Brian May expressed his dislike of the one UID per daemon idea: "as you end up having more UIDs for daemons then users" . He elaborated "it would be easy to hide back-door entry point in /etc/passwd if lots of entries exist (eg. missing password field)" , to which Arthur Korn responded that passwd file validation can be performed by a script.
To Brian's objection "As the number of entries grows, the chance that one/more entries will conflict with some NIS, openldap or remote NFS system increases. Especially since adduser, etc, do not support NIS or openldap. I am not sure of the details here - can adduser assign a local user a UID that conflicts with that from some other source?" , Arthur responded "Then we should fix adduser and libc(PAM/NSS)."
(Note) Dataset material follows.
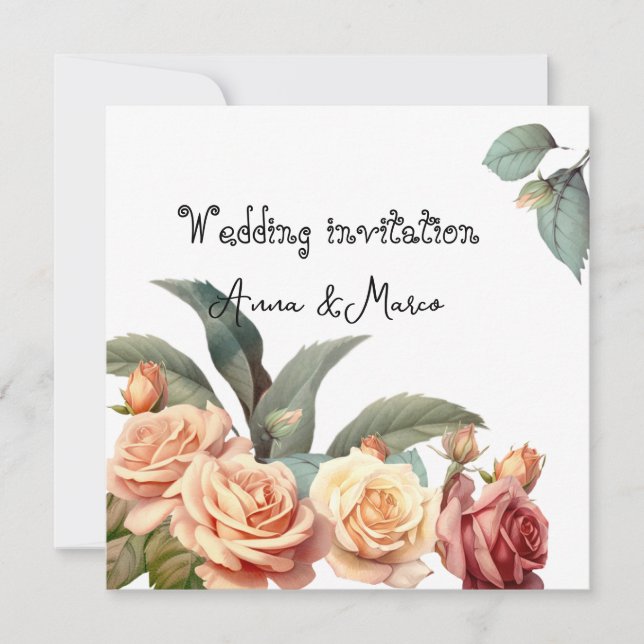 Vintage Rose Feiertagskarte (Vorderseite)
Other discussion focused on the merits of having a seperate group for every user. When Eray Ozkural asked for the reason for this policy, Hamish Moffat provided a free tutorial:
Let's say you have a pair of users, Jose and HoseB, each with home directories in /home, with a single-user group each. They have some confidential files which they keep in their home directories and want to hide from each other.
They also work on a project together, in /project. They have another group, which they both belong to, and all the files in /project use that GID. There are other users on the system who are not working on the project and who should not be able to look at /project.
Jose and HoseB can set their umask to allow group read/write by default. When they write to their home directories, the files belong to their individual user groups, so nobody else can read them. When they write in /project, the files belong to the project group, so they can both read them. And nobody except Jose and HoseB can read the files in /project either, because they're not world read/writable.
Now, imagine if Jose and HoseB shared a 'users' group, which their home directories used, as well as the project group. When they write to their home directories, their files end up group read/writeable to all users!
Or if they set their umask to allow user read/write only, then they end up with files in /project which the other person can't read. They have to remember to fix file permissions all the time.
[...]
Per-user groups are very meaningful, and are a good demonstration of why Debian is a superior OS to many others.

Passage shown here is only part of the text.